Глубина ее эмоций потрясла Люка. Он уставился на нее тяжелым взглядом.
— То, что ты так зажата, вероятно, является результатом страха. — Он погладил ее великолепные груди — его загорелая рука заскользила по нежной молочно-белой коже. Он осторожно ущипнул розовый сосок и сразу почувствовал, как ее тело отозвалось, дав ему возможность продвинуться вперед еще немного.
Эта женщина была такой покорной и в то же время невероятно напряженной, что он не решался торопить события. Конечно, он мог бы ворваться в нее одним резким толчком, но боялся сделать ей больно и потому терпеливо ждал. Она и так проявила чудеса смелости, отважившись на такой шаг.
От воистину титанических усилий, которые прилагал Люк, чтобы сдерживаться, у него задрожали руки. Он опустил их, нежно погладил изящную талию и поясницу Розамунды и подсунул ладони под ее ягодицы.
— Розамунда, посмотри на меня, — сказал он. — Теперь ты должна делать то, что я скажу.
— Все, что угодно…
— Расслабься и еще немного откройся для меня.
Она сразу раздвинула ноги шире — как бабочка расправляет крылья весенним утром, — а он приподнял ее бедра и сумел войти еще глубже. Ее глаза вновь округлились.
Люк начал двигаться, побуждая ее раскрыться больше и принять его целиком.
— Если хочешь, — пробормотал он сквозь стиснутые зубы, — обними меня.
Розамунда ответила:
— Я думала об этом, но не знала, нужно ли. — И тонкие руки порывисто обхватили его плечи.
Боже, это была сладчайшая агония! Теперь Люк одну руку просунул ей под голову, а другой теребил твердый сосок, заставляя ее испытывать все более сильное желание.
Она задыхалась, жадно хватая ртом воздух. Взглянув на нее, Люк убедился: перед ним женщина, охваченная страстью. Ее щеки горели, взгляд метался.
Его рука медленно скользнула вниз.

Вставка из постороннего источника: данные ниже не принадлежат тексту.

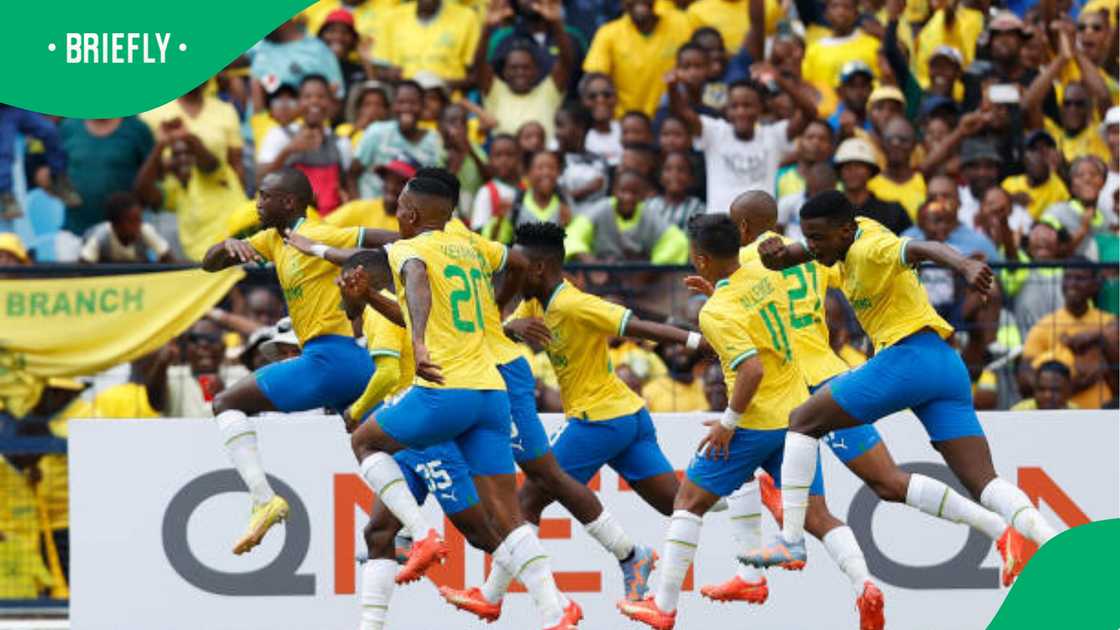 Mamelodi Sundowns players celebrate a goal during a CAF Champions League match Mamelodi Sundowns players celebrate a goal during a CAF Champions League match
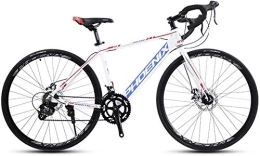 NOLOGO  Fahrrad Adult Rennrad, 14 Geschwindigkeit 700C Räder Straßen-Fahrrad, Alu-Rahmen-Fahrrad mit Scheibenbremsen, ideal for unterwegs oder Dirt Trail Touring (Color : White)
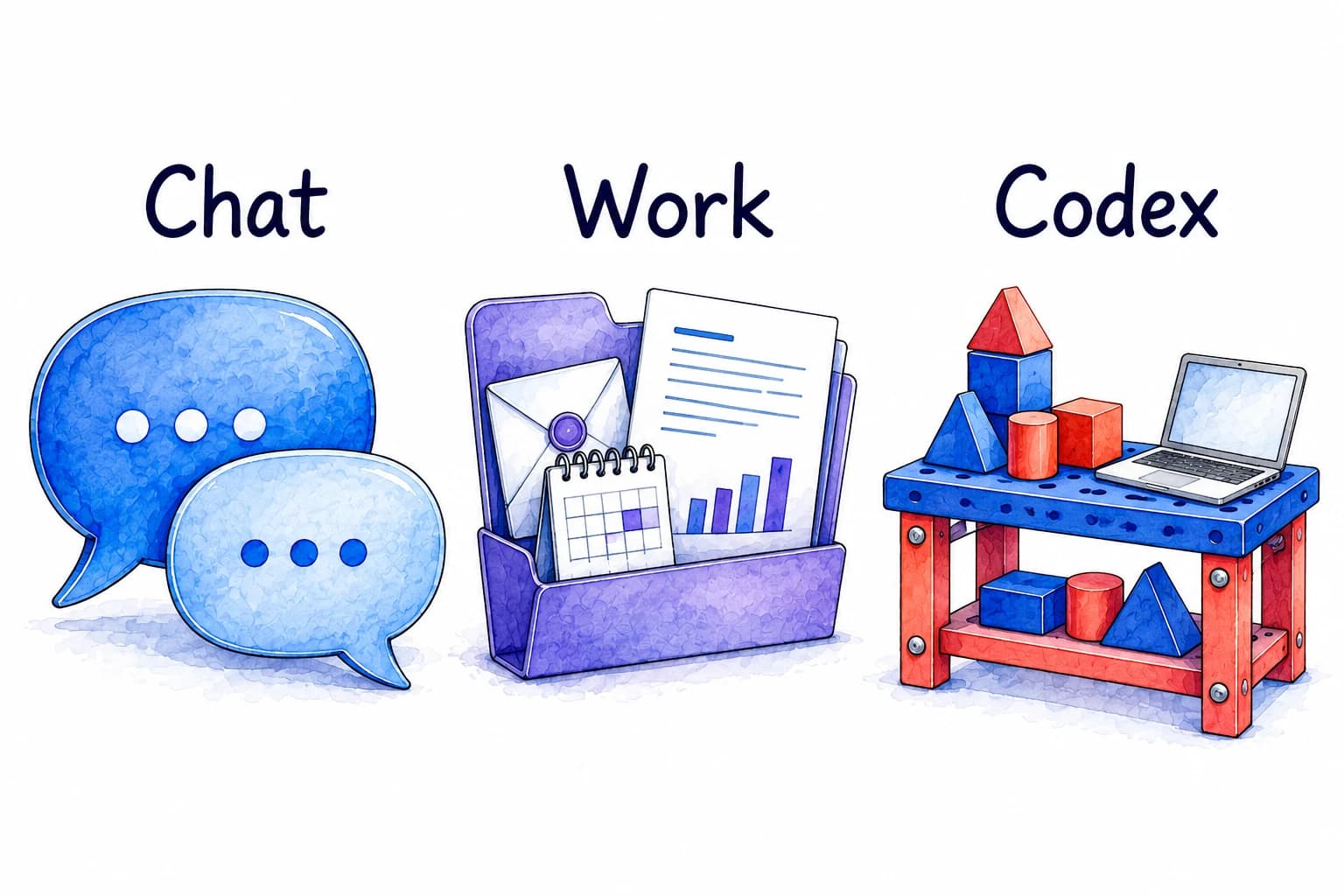 Speech bubbles for Chat, documents and a calendar for Work, and building blocks beside a laptop for Codex.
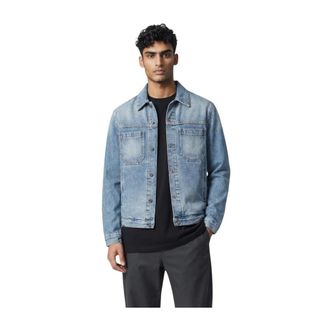 Off-white Denim Jackets, male, Blue, Size: L Denim Jacket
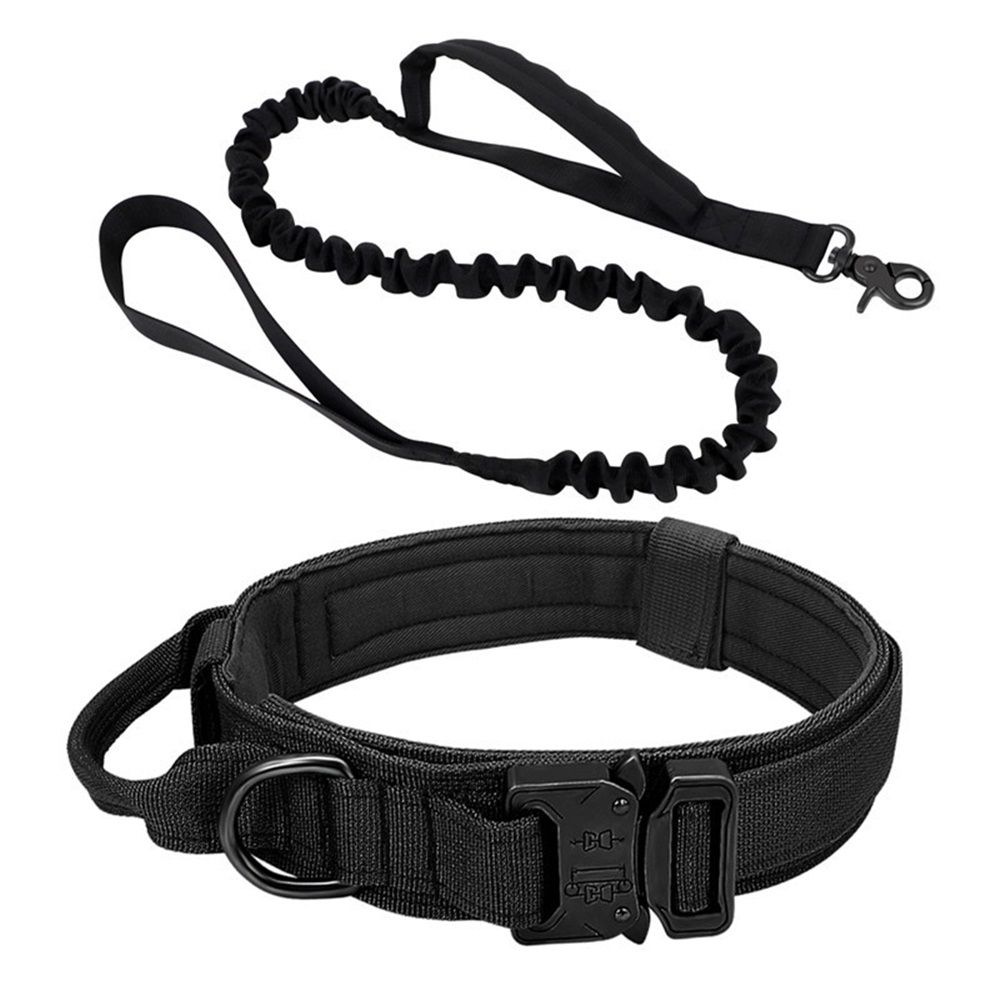 Dog Collar and Leash Set Heavy Duty Military Dog Collar with Handle and Metal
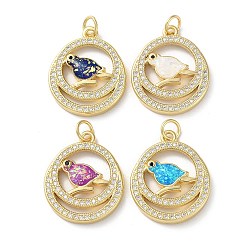 Mixed Color Brass Micro Pave Clear Cubic Zirconia Pendants, Cadmium Free & Lead Free, with Synthetic Opal, with Jump Ring, Real 18K Gold Plated, Flat Round with Bird, Mixed Color, 21.5x18x3mm, Hole: 3.6mm
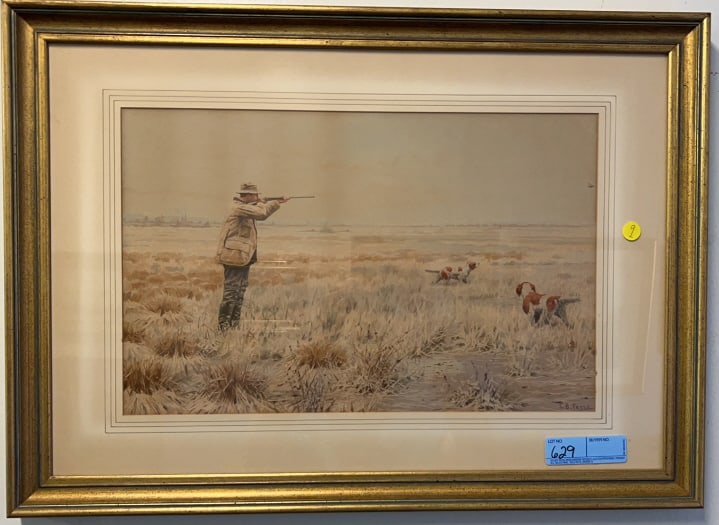 ARTHUR BURDETT FROST "ENGLISH SNIPE" FRAMED PRINT: 28" X 20"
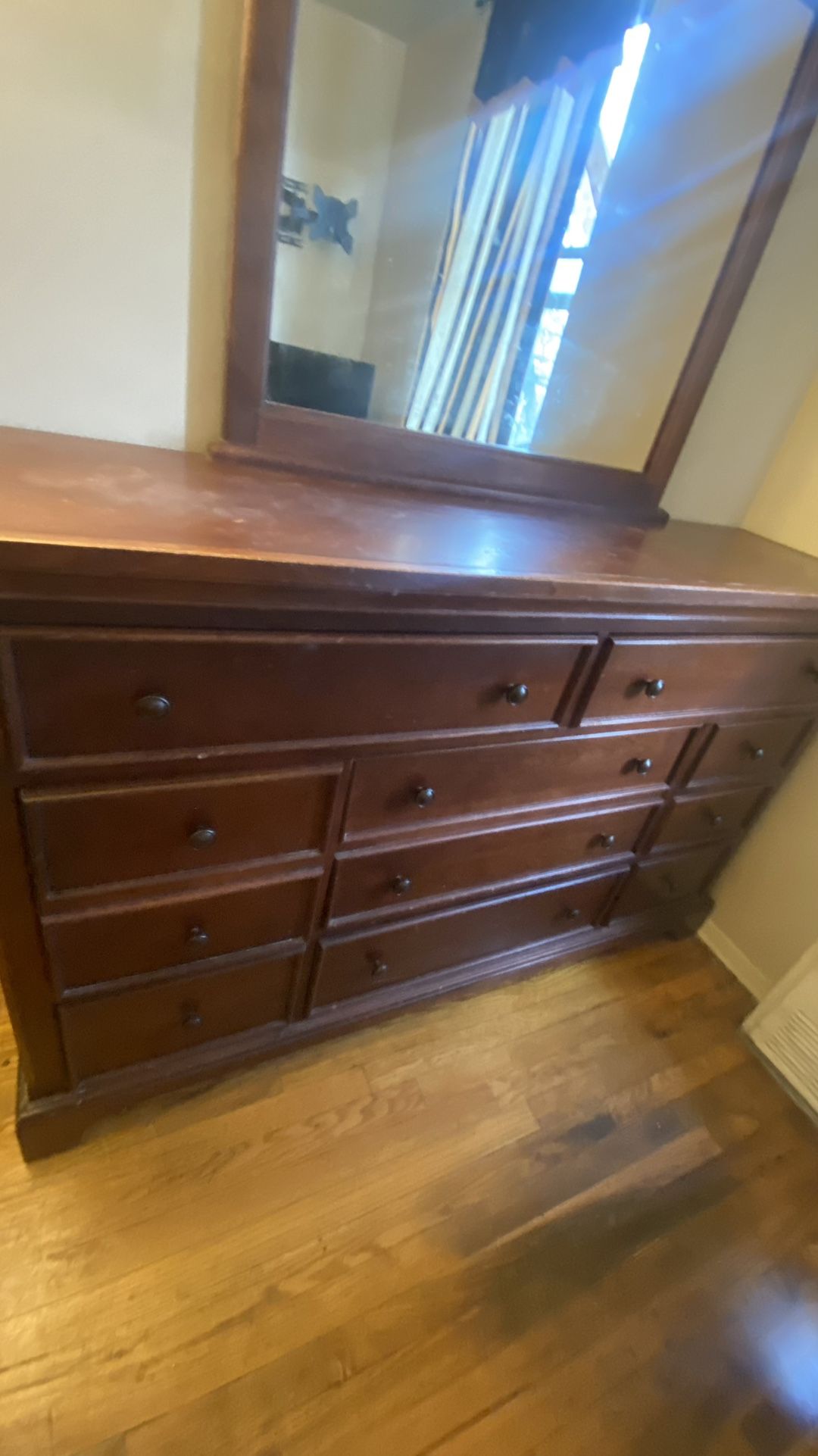 BIG SOLID WOOD DRESSER. && NIGHT STAND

Раздвинув потайные складки, он нащупал пальцем маленький, но уже набухший бугорок. Розамунда в ответ застонала и выгнулась навстречу его руке.
Желание стало нестерпимым. Люк больше не мог ни о чем думать. Всем существом он жаждал двигаться в ней, наполнить до краев, излить свое семя. Но он продолжал сдерживать себя, ограничиваясь медленными короткими толчками.
Розамунда открыла глаза.
— О, Люк, я не могу больше это выносить. Он замер.
— Я сделал тебе больно? — К своему немалому удивлению, он услышал, что голос звучит абсолютно спокойно. Интересно, почему бы это?
— Нет! Но я чувствую… Все это так чудесно… и в то же время мучительно.
— Ну, так и должно быть. Я ощущаю то же самое. — Он сделал попытку улыбнуться. Неудачную.
— Все это…
— Что?
— …так смущает…
Он был готов взорваться. Тело каждым мускулом протестовало против невыносимой агонии паузы.